### [What you will do]
Repeat only the lines below from the one containing "Photo - Apple iPhone 8 Plus 64 GB Black" through the one containing "Malle Louis Vuitton penderie / Table basse", inclusive, exactly as written.

### [Excerpted records]
────

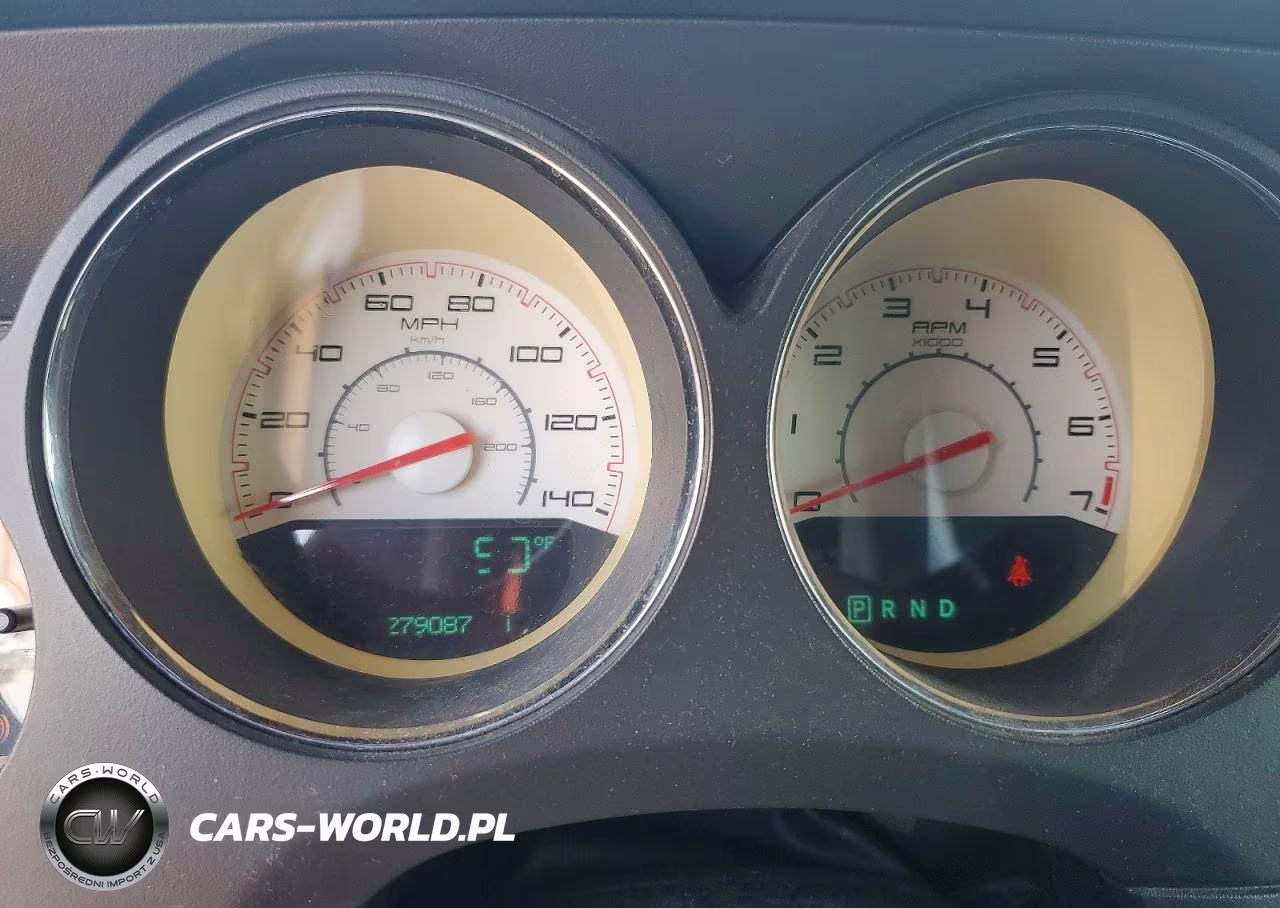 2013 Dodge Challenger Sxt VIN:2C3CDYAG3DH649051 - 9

────

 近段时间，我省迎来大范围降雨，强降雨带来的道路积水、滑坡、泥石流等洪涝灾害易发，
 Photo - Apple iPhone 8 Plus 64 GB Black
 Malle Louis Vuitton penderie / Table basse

────

### [Result of this task]
 Photo - Apple iPhone 8 Plus 64 GB Black
 Malle Louis Vuitton penderie / Table basse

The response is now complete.